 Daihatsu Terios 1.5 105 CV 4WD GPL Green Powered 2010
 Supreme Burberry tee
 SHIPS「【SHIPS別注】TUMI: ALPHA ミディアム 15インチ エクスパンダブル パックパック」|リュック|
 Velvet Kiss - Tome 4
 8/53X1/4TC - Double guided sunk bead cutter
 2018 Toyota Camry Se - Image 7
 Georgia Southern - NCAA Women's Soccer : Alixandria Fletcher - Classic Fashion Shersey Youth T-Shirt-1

━━━━━━━━━━

Reproduce each record exactly as it appears.

 Daihatsu Terios 1.5 105 CV 4WD GPL Green Powered 2010
 Supreme Burberry tee
 SHIPS「【SHIPS別注】TUMI: ALPHA ミディアム 15インチ エクスパンダブル パックパック」|リュック|
 Velvet Kiss - Tome 4
 8/53X1/4TC - Double guided sunk bead cutter
 2018 Toyota Camry Se - Image 7
 Georgia Southern - NCAA Women's Soccer : Alixandria Fletcher - Classic Fashion Shersey Youth T-Shirt-1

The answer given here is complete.